The main opposition leader in Greece blames the government for the violent street protests in Athens and other parts of the country, following the police killing of a teenager. Nathan Morley spoke with the opposition leader and has this report.
In a VOA interview, opposition leader George deplored the violence.
"The types of problem, which Greece is facing right now are such that one could have expected that there would be a reaction from society and particularly from the youth," said George Papandreou. "Obviously what we are all shocked about is the violence, the extent of violence - but the fact there is a deeper crisis where the youth feel a deepening sense of inequality, social inequalities, lack of possible employment, a sense of injustice - a sense of corruption at the highest levels of government - these things have all put fuel to the fires of rage of the youth in Greece."
Greece has been gripped for eight days by protests against the police shooting, which have succeeded in uniting mainstream and radical youth. Papandreou, who leads the opposition Socialists, said the primary concern of the people of Greece now was the return of the rule of law.
Though the violence is tied to the shooting of the teenager, students have also been protesting the economic situation and demanding reform of the state education system.
Papandreou, who has called for new elections, said his focus would be on restoring confidence in government.
"It would be to restore confidence, confidence in the running of government, by first of all wiping out corruption at the highest levels, bringing in transparency and at the same time looking deeply into some of the social problems we have and creating a sense that we are in solidarity with many parts of society that are now suffering because of the economic crisis and the widening rift of inequality between the rich and the poor," he said.

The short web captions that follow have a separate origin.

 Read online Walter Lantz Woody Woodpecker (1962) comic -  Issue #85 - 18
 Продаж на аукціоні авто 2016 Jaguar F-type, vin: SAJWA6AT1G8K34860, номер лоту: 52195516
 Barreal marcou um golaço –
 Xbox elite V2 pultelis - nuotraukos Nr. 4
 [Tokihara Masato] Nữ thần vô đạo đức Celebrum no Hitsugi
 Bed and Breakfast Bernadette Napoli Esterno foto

Rising unemployment is particularly high among the 15 to 24-year-old age group, and many in Greece have complained about a rapid decrease in living standards.

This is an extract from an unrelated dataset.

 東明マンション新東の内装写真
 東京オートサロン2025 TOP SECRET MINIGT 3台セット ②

Demonstrators have been demanding the resignation of Prime Minister Costas Karamanlis, and polls show widespread disapproval of the government's handling of the riots. Karamanlis, whose party has a one-seat majority in Parliament, has rejected calls to resign or hold early elections.
On Saturday, violence reignited in Athens for an eighth day, with protesters firebombing a police station just moments after a peaceful vigil held in honor of the teenage boy.